[OSGeo-Standards] Fwd: OGC TIN of triangles or polygons?

Mateusz Loskot mateusz at loskot.net
Thu Nov 28 04:12:41 PST 2013


Hi,

I've just posted this to postgis-devel, but as it is related to OGC standard,
I thought some folks here would be interested or able to help as well.

My message is attached below and here the thread is archived:
http://lists.osgeo.org/pipermail/postgis-devel/2013-November/023967.html

Mateusz

---------- Forwarded message ----------
From: Mateusz Loskot <mateusz at loskot.net>
Date: 28 November 2013 11:55
Subject: OGC TIN of triangles or polygons?
To: postgis-devel at lists.osgeo.org


Hi,

I'd like to ask to help me understand specification of TIN
from the OGC SFS 1.2.1 (OGC 06-103r4).
Specifically, specification of WKT and WKB format for TIN.

Diagrams and text in the design part of the document specifies
that TIN geometry is composed of one or more triangles
and a triangle is a subtype of polygon.

So, we've got three non-abstract types involved: TIN [1], triangle [2], polygon.

[1]
"""
A TIN (triangulated irregular network) is a PolyhedralSurface
consisting only of Triangle patches.
"""

[2]
"""
A Triangle is a polygon with 3 distinct, non-collinear vertices
"""

However reasonable it sounds, specification of WKT and WKB formats
that follow, seems to be inconsistent with the design part.

For WKT, triangle is not used anywhere:

<tin tagged text> tin <polyhedralsurface text>

<polyhedralsurface text> ::= <empty set> | <left paren>
                                          <polygon text>
                                          {<comma> <polygon text>}*
                                          <right paren>

For WKB, WKBTriangle object is not used anywhere:

WKBTIN {
byte byteOrder;
static uint32 wkbType = 16;
uint32 numPolygons;
WKBPolygon polygons[numPolygons]
}

So, specification of both formats presents TIN composed of polygon objects.


Triangle, by design, is a polygon of course.
But, correct me if I'm wrong, the WKT/WKB has no capacity to represent
type/subtype relation, has it?

Or, does OGC SFS suddenly expect implementations to interpret WKT and WKB
geometries according to the Liskov Substitution Principle?
It is, while parsing TIN, if I see code of WKBGeometryType::wkbTriangle, take
it as valid WKBGeometryType::wkbPolygon, by is-a relation between the two.

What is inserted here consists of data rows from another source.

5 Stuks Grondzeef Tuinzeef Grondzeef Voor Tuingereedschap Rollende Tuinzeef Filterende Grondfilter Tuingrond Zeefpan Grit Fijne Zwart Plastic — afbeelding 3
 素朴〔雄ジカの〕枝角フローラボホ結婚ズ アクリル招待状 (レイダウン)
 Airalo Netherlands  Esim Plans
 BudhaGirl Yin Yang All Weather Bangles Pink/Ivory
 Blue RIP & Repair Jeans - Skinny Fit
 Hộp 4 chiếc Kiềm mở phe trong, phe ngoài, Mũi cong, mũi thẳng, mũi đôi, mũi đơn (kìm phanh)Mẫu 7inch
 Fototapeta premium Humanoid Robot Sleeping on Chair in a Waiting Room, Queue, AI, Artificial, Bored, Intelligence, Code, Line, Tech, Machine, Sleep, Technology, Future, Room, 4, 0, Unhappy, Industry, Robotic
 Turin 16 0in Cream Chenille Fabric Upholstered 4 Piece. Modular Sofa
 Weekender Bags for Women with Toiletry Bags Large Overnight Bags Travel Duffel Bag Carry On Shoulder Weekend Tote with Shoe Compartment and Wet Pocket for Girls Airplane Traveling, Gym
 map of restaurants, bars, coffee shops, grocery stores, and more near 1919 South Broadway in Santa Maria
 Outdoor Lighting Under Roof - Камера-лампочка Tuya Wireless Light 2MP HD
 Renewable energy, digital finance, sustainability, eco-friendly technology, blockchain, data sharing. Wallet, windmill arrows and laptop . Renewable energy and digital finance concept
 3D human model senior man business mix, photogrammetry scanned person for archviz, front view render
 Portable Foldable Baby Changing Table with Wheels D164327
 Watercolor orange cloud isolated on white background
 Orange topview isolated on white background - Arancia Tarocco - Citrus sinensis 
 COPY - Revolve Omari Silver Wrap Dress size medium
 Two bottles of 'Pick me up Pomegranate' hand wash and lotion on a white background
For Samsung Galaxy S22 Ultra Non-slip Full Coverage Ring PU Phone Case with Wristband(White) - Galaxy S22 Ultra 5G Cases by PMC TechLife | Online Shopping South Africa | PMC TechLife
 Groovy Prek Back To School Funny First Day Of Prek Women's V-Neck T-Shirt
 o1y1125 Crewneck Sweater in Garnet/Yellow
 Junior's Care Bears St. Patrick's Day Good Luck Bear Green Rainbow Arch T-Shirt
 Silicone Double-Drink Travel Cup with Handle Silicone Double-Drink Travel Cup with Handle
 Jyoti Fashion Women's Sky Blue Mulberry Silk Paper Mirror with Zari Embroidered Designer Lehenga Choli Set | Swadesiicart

Now, let's look at the TIN implementation in PostGIS:

WKT:

TIN (((0 0, 0 1, 1 0, 0 0)), ((0 1, 1 1, 1 0, 0 1)))

WKB:

01|10000000|02000000|
01|11000000|01000000|04000000|<64 bytes of 4 vertices>
01|11000000|01000000|04000000|<64 bytes of 4 vertices>

The WKB type codes indicate we've got geometry of
WKBTIN (0x10000000=>16 dec) with WKBTriangle (0x11000000=>17 dec)

Two questions here;
1. Shouldn't WKBTriangle read WKBPolygon (0x00000003) as OGC specifies?
2. If WKBTriangle code is correct, shouldn't there be 3 instead of 4 vertices?

Additionally to the question 2., OGC specifies

"""
A Triangle is a polygon with 3 distinct, non-collinear vertices
"""

If a triangle must have exactly 3 points and all points must be distinct,
as I interpret what the space says above, why PostGIS generates 4 points?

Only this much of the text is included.